• PicŪ Basic


  • Large LED Display

    I've been asked to make a 100mm segment large display for a customer. They wanted it sunlight visible and all it needed to do was to count up in seconds, minutes and hours.

    I played with it a bit to display all kinds of things, so here's a few pictures. If you make an alarm clock out of this, you don't need an audible device. The light alone will raise the dead, it's that bright.

    It seems if you click the pictures they are displayed in full view in a window.





    Head on looking at these extreme LED's (and these are not the worst of them) you can see it looks like they are on fire ! Very unpleasant to look at from up close.



    and here it is time counting...



    The circuit is very simple, it's using 4094's that drives an open collector FET to switch each of the LED segments. The data gets sent serially to the display, that is to the 4094's.

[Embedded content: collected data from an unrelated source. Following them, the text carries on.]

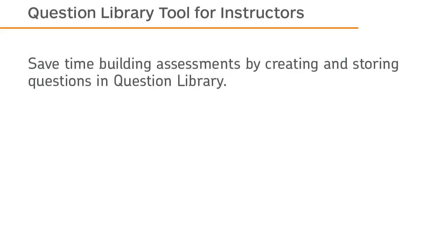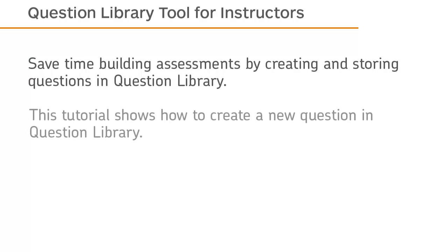Save time building assessments by creating and storing questions in Question Library. This tutorial shows how to create a new question in Question Library.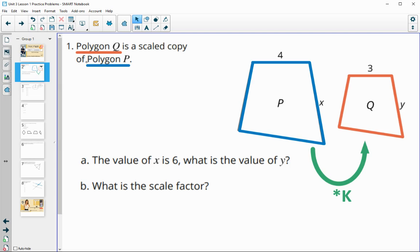Number one tells us that polygon Q is a scaled copy of polygon P. I've highlighted in color so you can see which one is the original. Blue is the original and Q is the scaled copy.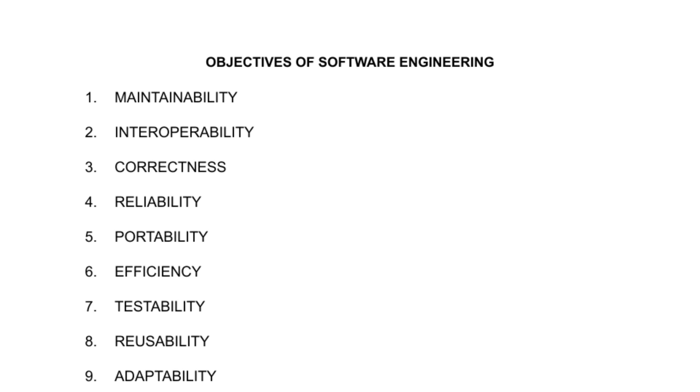To remember these points, we have a mnemonic: M-I-C-R-P-E-T-R-A, in which M-I-C-R is the number on checks for their identification, and Petra one of the seven wonders of the world. So we can say that we need a MICR check to go to Petra. Thank you.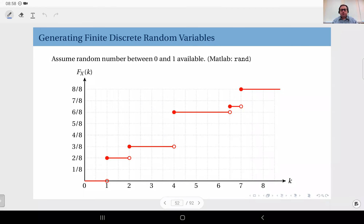At this point I would like to show you how to actually generate outcomes of a discrete random variable where you know the CDF. We are going to use the same CDF from the previous example, and I'm going to show this in MATLAB, but the approach is not really dependent on which language you use — you can apply it to any language of your choice.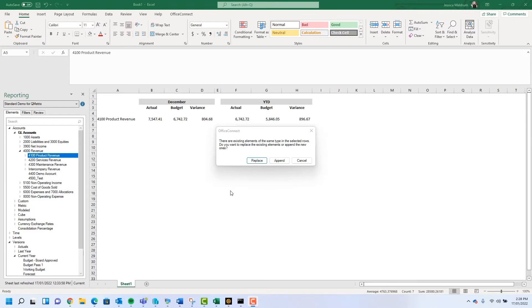When selecting replace, the new element is going to override the existing element that was already in that location. Replacing is often necessary to update time periods and versions in reports as the requirements change.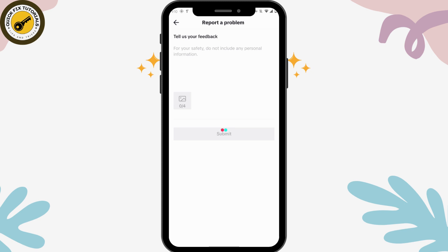Explain that unfortunately while creating your account you chose the wrong date of birth. Enter the correct date of birth with the correct information, and you can also upload photos of your national identity card or other proof of your date of birth.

    I'm using an RTC that gets cleared when a button is pressed and the time displayed is updated from there. I've also decided to make the PCB a bit more versatile, so instead of just seven segments it can display a dot, and if it's populated like in the picture a double dot. The dot's can be omitted and alternatively an arrow can be populated instead so it can be used as a service display as well.

    To have the arrow point to left instead of to the right, the board has to be mounted upside down. It's not a problem, you just have to change the code for that segment to have it dispay the right way up.



    This is the variations, left segment is upside down with an arrow to the left, a seven segment with a double dot, a segment with a single dot and a segment with a right arrow.



    The connections as you can see is fairly simple, a ribbon cable connects the low voltage signals and the wires is pos and neg (12V in this case) to the LED's. There are 4 LED's in series and 2 sets of these makes up each segment.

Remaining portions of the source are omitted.